0

I've always heard that Spark is 100x faster than classic Map Reduce frameworks like Hadoop. But recently I'm reading that this is only true if RDDs are cached, which I thought was always done but instead requires the explicit cache () method.

I would like to understand how all produced RDDs are stored throughout the work. Suppose we have this workflow:

  1. I read a file -> I get the RDD_ONE
  2. I use the map on the RDD_ONE -> I get the RDD_TWO
  3. I use any other transformation on the RDD_TWO

QUESTIONS:

if I don't use cache () or persist () is every RDD stored in memory, in cache or on disk (local file system or HDFS)?

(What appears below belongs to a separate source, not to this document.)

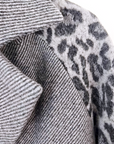 Manteau chevron et léopard gris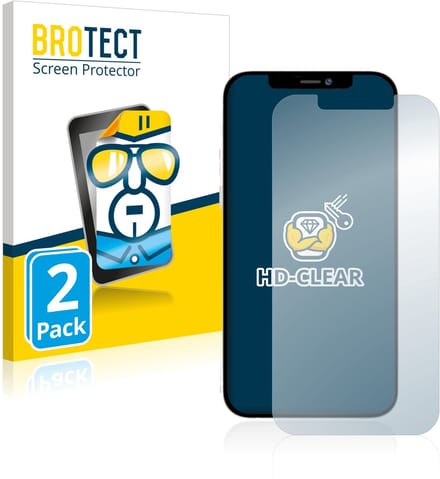 BROTECT - Screenprotector voor Apple iPhone 12 Pro Max - Folie Beschermfolie transparant 2 Stuks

if RDD_THREE depends on RDD_TWO and this in turn depends on RDD_ONE (lineage) if I didn't use the cache () method on RDD_THREE Spark should recalculate RDD_ONE (reread it from disk) and then RDD_TWO to get RDD_THREE?

Thanks in advance.

3 Answers3

1

In spark there are two types of operations: transformations and actions. A transformation on a dataframe will return another dataframe and an action on a dataframe will return a value.

Transformations are lazy, so when a transformation is performed spark will add it to the DAG and execute it when an action is called.

Suppose, you read a file into a dataframe, then perform a filter, join, aggregate, and then count. The count operation which is an action will actually kick all the previous transformation.

If we call another action(like show) the whole operation is executed again which can be time consuming. So, if we want not to run the whole set of operation again and again we can cache the dataframe.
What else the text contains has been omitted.